“Chi si macchia di reati di stampo mafioso o terroristico non può percepire pensioni, indennità, contributi”. Lo scrive il senatore Giuseppe Lumia, componente della Commissione parlamentare antimafia, in un’interrogazione presentata ai ministri dell’Interno, Angelino Alfano, e del lavoro, Giuliano Poletti.
Nell’atto di sindacato ispettivo il senatore democratico chiede: “se i Ministri in indirizzo siano a conoscenza dei fatti descritti in premessa e se intendano avvalersi dei propri poteri ispettivi per verificare presso tutti gli istituti di previdenza pubblici il numero delle prestazioni erogate ai boss di mafia; se il Governo ritenga opportuno adottare in tempi rapidi, sulla scorta dei disegni di legge depositati in Parlamento sull’argomento, i provvedimenti necessari per mettere fine a tale inaccettabile aberrazione, almeno sulle prestazioni previdenziali di tipo assistenziale”.

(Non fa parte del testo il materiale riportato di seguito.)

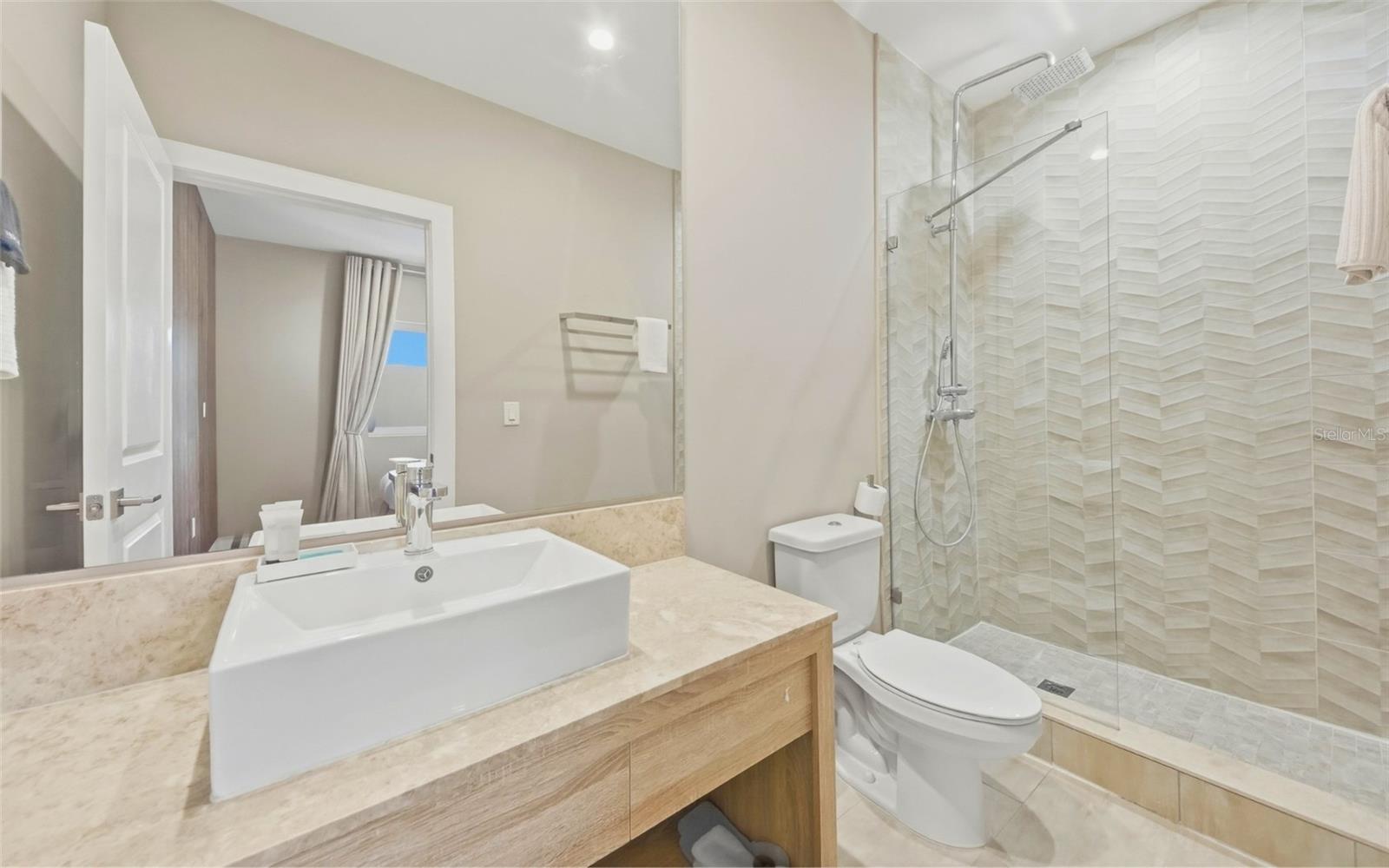 7455 Brooklyn Dr Property Photo 24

Di seguito testo interrogazione
Ai Ministri dell’interno e del lavoro e delle politiche sociali. –

Premesso che:


il 12 maggio 2015 durante la trasmissione televisiva “Ballarò” su RAI 3 è andato in onda un servizio del giornalista Claudio Pappaianni, nel quale veniva raccontato che il boss della ‘Ndrangheta Francesco Giampà percepisce una pensione sociale erogata dallo Stato italiano;


Francesco Giampà è detenuto da ben 22 anni nel carcere di Opera a Milano, in regime di 41-bis, per aver commesso gravi reati di stampo mafioso. Tra questi il duplice omicidio del sovrintendente della Polizia di Stato Salvatore Aversa e della moglie Lucia Precenzano, uccisi il 4 gennaio del 1992;


come qualsiasi altro cittadino italiano al raggiungimento dell’età pensionabile il capomafia di Lamezia Terme, direttamente dal penitenziario in cui è detenuto, ha inoltrato la domanda all’Inps. Diversamente dalla maggioranza dei cittadini italiani l’istituto di previdenza ha evaso la richiesta nel tempo record di 25 giorni. Esattamente dal mese di gennaio 2014 ad oggi Francesco Giampà percepisce un’indennità mensile di 460 euro;


si tratta dell’ennesimo caso di mafiosi condannati in via definitiva a cui vengono concesse prestazioni previdenziali o ancora peggio assistenziali. Un vero e proprio paradosso per uno Stato che vuole contrastare le organizzazioni criminali, che mortifica il lavoro della magistratura e delle forze dell’ordine e offende la memoria di chi è caduto nella lotta alle mafie;


già all’inizio del 2010 in Commissione d’inchiesta sul fenomeno delle mafie e sulle altre associazioni criminali, anche straniere, venne denunciata dall’interrogante tale stortura insopportabile. In quel periodo, infatti, il firmatario del presente atto di sindacato ispettivo venne a conoscenza che il boss Giovanni Trapani, capo mafia della famiglia di Ficarazzi (Palermo), percepiva addirittura un’indennità di disoccupazione di 700 euro. Un caso simile si ripresentò nel 2012 quando la stampa rivelò che il boss di “Cosa nostra”, Domenico Rancadore, percepiva una pensione da parte dell’Inpdap;


sempre nel 2010 l’interrogante presentò, quindi, un disegno di legge, ripresentato anche nella XVII Legislatura, per impedire, con un approccio rigorosissimo, che lo Stato riconosca qualsiasi tipo di prestazione previdenziale e di assistenza economica ai boss e ai loro familiari complici. Chi si macchia di reati di stampo mafioso o terroristico non può percepire pensioni, indennità, contributi;


naturalmente non sfugge la complessità nell’individuare soluzioni tecniche legittime per negare ad un condannato di mafia prestazioni previdenziali, ma in questo caso si tratta di una prestazione di carattere assistenziale che dovrebbe essere corrisposta a chi non ha alcun reddito e non ha maturato alcuna pensione di anzianità,


si chiede di sapere:


se i Ministri in indirizzo siano a conoscenza dei fatti descritti in premessa e se intendano avvalersi dei propri poteri ispettivi per verificare presso tutti gli istituti di previdenza pubblici il numero delle prestazioni erogate ai boss di mafia;


se il Governo ritenga opportuno adottare in tempi rapidi, sulla scorta dei disegni di legge depositati in Parlamento sull’argomento, i provvedimenti necessari per mettere fine a tale inaccettabile aberrazione, almeno sulle prestazioni previdenziali di tipo assistenziale.